Proof. [Proof of theorem 1] Let $a,b$ be integers, $b \ne 0$ Set $$q=\begin{cases} \left\lfloor \frac{a}{b}\right\rfloor &\text{if $b>0$} \\ -\left\lfloor \frac{a}{\lvert b\rvert}\right\rfloor &\text{otherwise}, \end{cases} $$ and $r=a-q\cdot b$ Since $0\le x -\lfloor x\rfloor < 1$ for any real $x$ we get for positive $b$ $$0\le \frac{a}{b} -q =\frac{r}{b} < 1$$ , and for $b<0$ $$0 \le \frac{a}{\lvert b \rvert} -\left\lfloor\frac{a}{\lvert b\rvert}\right\rfloor =\frac{a}{\lvert b\rvert} +q=\frac{r}{\lvert b\rvert} <1,$$ and the statement follows immediately.

Proof. [Proof of theorem 2] Let $R$ be a commutative ring with 1, and take $b(x)$ from $R[x]$ where the leading coefficient of $b(x)$ is a unit in $R$ Without loss of generality we may assume the leading coefficient of $b(x)$ is 1.

If $n$ is the degree of $b(x)$ then set $$q(x)= \begin{cases} 0&\text{if $\deg(a(x)) <n$}\\ a_n&\text{if $\deg(a(x))=n$}, \end{cases}$$ where $a_n$ is the leading coefficient of $a(x)$ Then $r(x)=a(x) -q(x)\cdot b(x)$ is either 0 or $\deg(r(x))<\deg(b(x))$ as desired.

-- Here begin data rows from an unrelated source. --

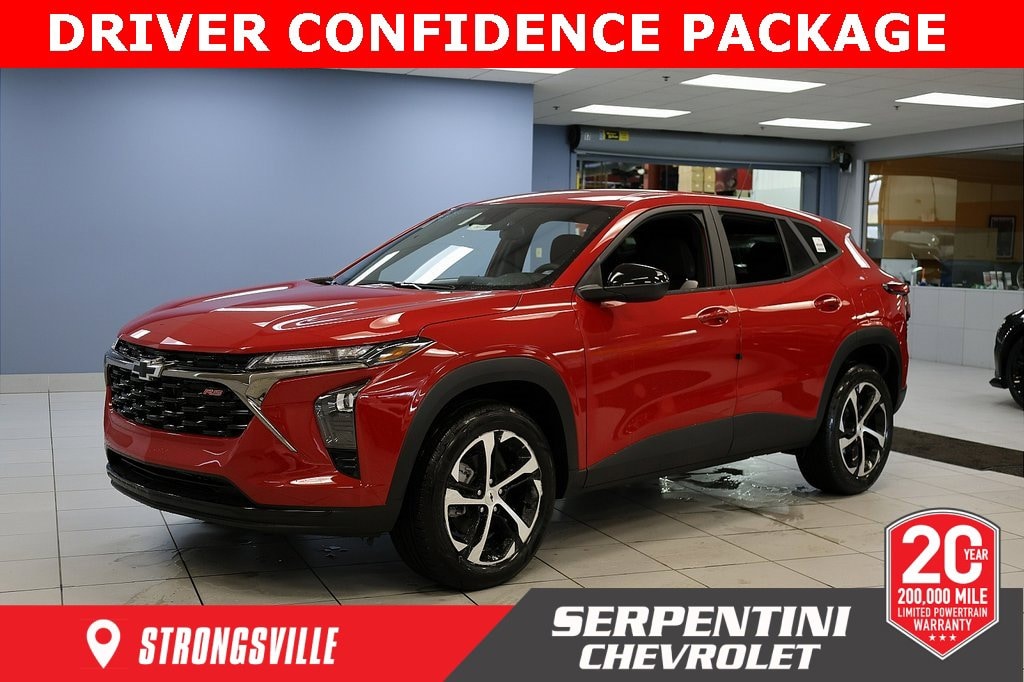 New 2026 Chevrolet Trax 1RS SUV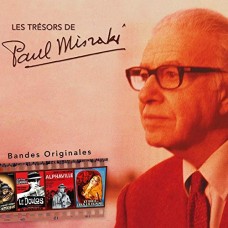 B.S.O. (BANDA SONORA ORIGINAL)-TRESORS DE PAUL MISRAKI (CD)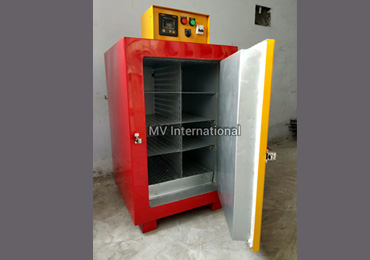 Electrode Holding Oven
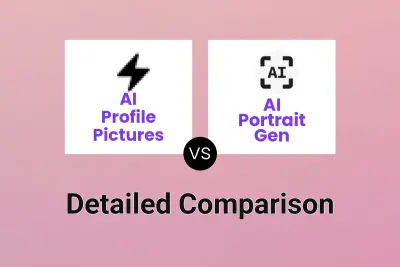 AI Profile Pictures vs AI Portrait Gen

Now let $m \ge \deg(b(x))$ Then the degree of the polynomial $$\check{a}(x)=a(x) -a_{m+1}b(x)\cdot x^{m+1-n}$$ is at most $m$ So by assumption we can write $a(x)$ as $$a(x)=b(x)\cdot(\check{q}(x)+a_{m+1}x^{m+1-n}) +\check{r}(x)$$ where $\check{r}(x)$ is either 0, or its degree is $<b(x)$